なまえは元々頭のネジが数本外れているというのは、ヴァリアー内では有名な話しである。それは彼女の行動が、発言が、我々には理解できないことばかりを言うからである。…僕の場合は今まさにそれだ。


「仮説ならいろいろあるけどね。」


僕は特に興味が湧かないので、適当に流すことにした。だが僕が返事をしたことに目を輝かせ、向かいのソファーから隣へ移動しなまえは距離を縮ませた。しくじった。


『たとえば?』


「……一度死にかけた人間は、花畑と川を見たと言う。その証言が多数なことから、その説が今では一般的になっている。」


『ふぅん?』


「だが逆に真っ暗な空間にいたという証言もあれば、何も見なかったと唱えた奴もいた。だから天国も地獄も存在しない。」


『マーモン今日はよく喋るねぇ。
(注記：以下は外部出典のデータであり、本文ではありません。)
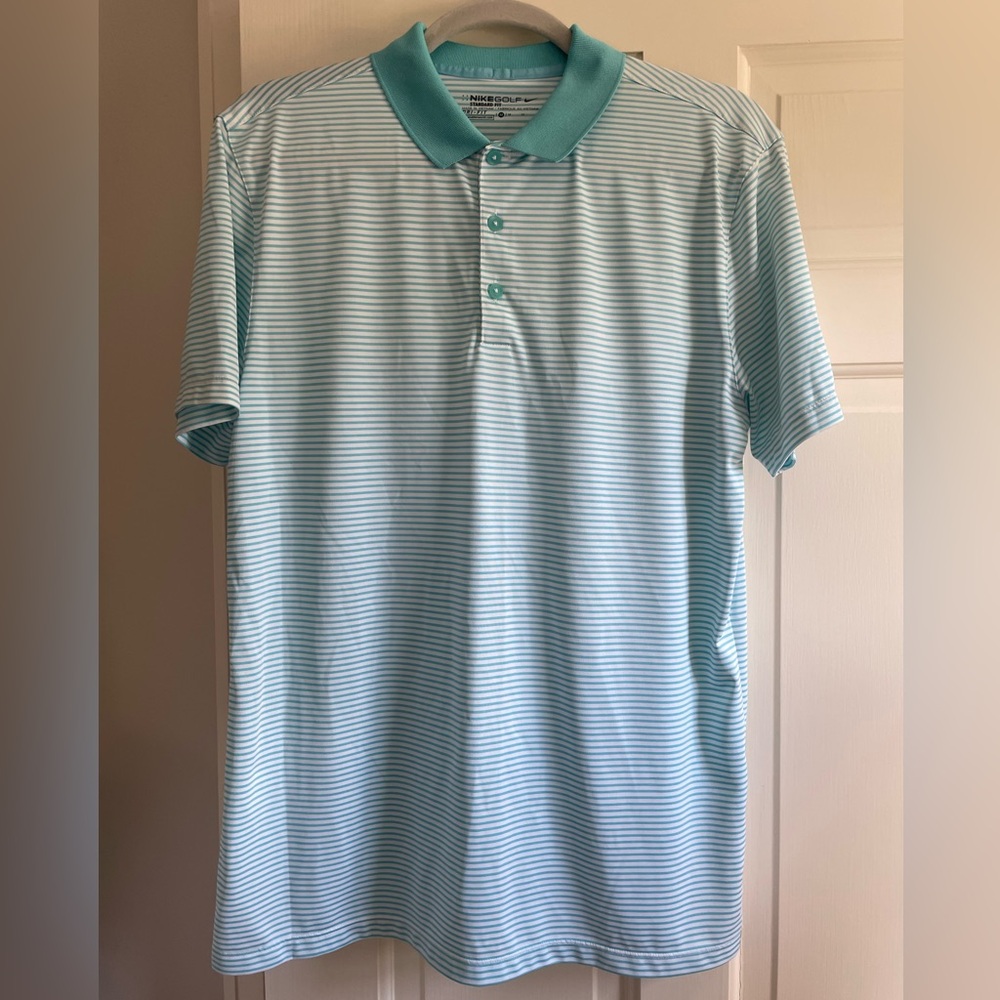 Men’s Size Medium Nike Golf Standard Fit Golf Polo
』


「…馬鹿にしているのかい?」


僕が声を低くして言えば、なまえは肩を竦めてゴメンと笑った。その悪びれているのかさえわからない笑顔は次第に消え、真面目な顔付きになる。


『でも結局それって、見た人達の理想だと思うの。』


「ム?」


『自分は死んだらこんな世界に行くんじゃないかな、とか。こんな世界に行きたいな、とか。』


「人間は常に楽をしたい生き物なのに、最後は真っ暗な空間を思い浮かべる奴はどうなんだい?」


『自分を攻めちゃう人なんだよ、きっと。真面目な人こそ闇に堕ちる。』


あぁ私は、妻を残して逝ってしまった。あぁ僕は、あの人との約束を守れなかった。
なまえは拳を胸に当て、片方の手を床を水平になるように空を切った。まるで悲劇のヒロインかのようだ。
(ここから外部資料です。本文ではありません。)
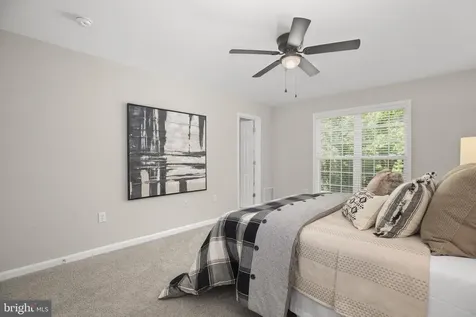 424 Laurel Avenue Fredericksburg VA 22408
『死んだら人は真逆になると思うの。優しい人は地獄へ、悪い人は天国へ。』


「じゃあ君はどっちに行きたいんだい?」


『天国、かな。』


そう言ってなまえはフフと笑った。だって楽したいもの、と付け足して。


「じゃあ君の創造する天国とやらは、どんな世界だい?」


『ボスとスクアーロとルッスーリアとベルとマーモンがいるところ!』


あ、レヴィもだった!と指を折りながら楽しそうに笑うなまえは当分死なないな、と感じさせられた。特に理由は無いけどね。
元々頭のネジが数本外れているのは知っていた。でもなまえは外れているくらいが調度いいんじゃないだろうか。


「君の天国への出演料はいくらかな。」


『天国のマーモンは真逆になってるからお金取らないもん。』


何処か遠くを見つめながら話すなまえは、本当に楽しそうに笑っている。一体何が楽しいのか。こんな不吉な話題で。それと同時になまえが遠くに感じた。さっきは死なないって感じたのに。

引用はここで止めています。